== Your task ==
Copy, word for word, the lines below from the one containing "St. George Lycabettus" up to and including the one containing "Used 2020 GMC", with pictures left out.

== Given records ==
==*==

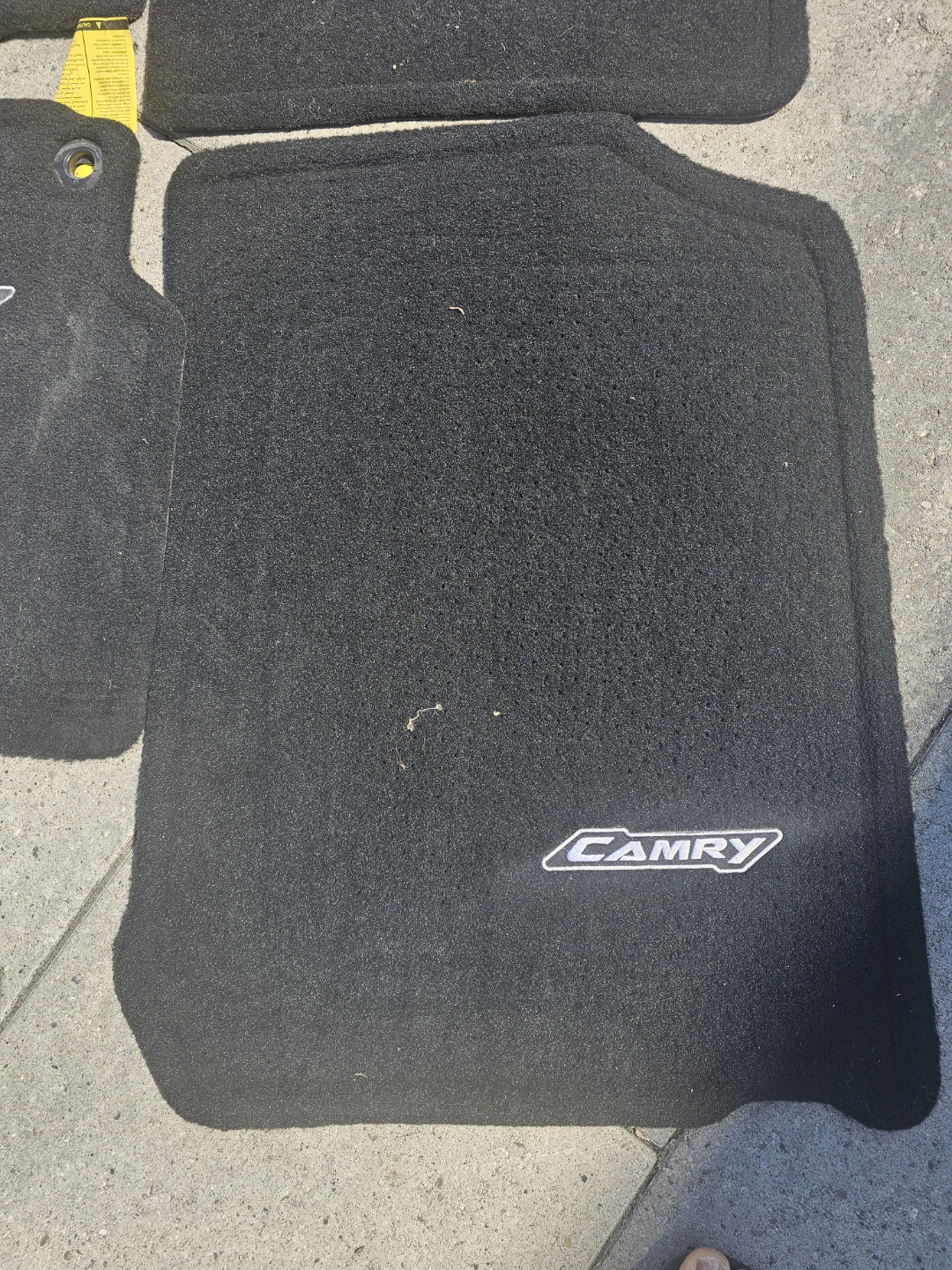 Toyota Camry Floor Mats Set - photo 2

==*==

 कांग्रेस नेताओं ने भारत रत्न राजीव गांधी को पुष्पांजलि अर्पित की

==*==

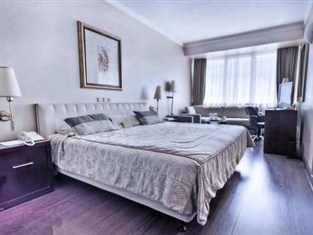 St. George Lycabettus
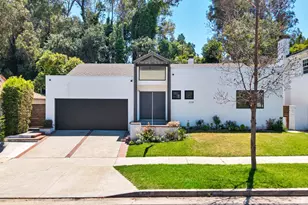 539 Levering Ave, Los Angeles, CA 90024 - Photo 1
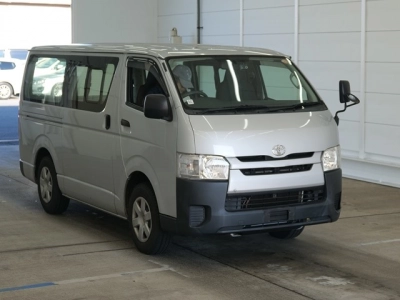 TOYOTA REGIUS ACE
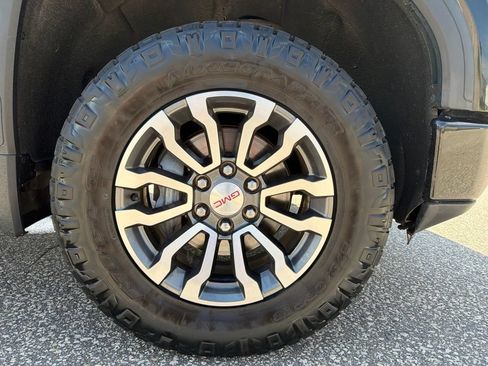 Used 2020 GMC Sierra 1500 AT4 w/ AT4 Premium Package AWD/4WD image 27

==*==

== Result ==
 St. George Lycabettus
 539 Levering Ave, Los Angeles, CA 90024 - Photo 1
 TOYOTA REGIUS ACE
 Used 2020 GMC Sierra 1500 AT4 w/ AT4 Premium Package AWD/4WD image 27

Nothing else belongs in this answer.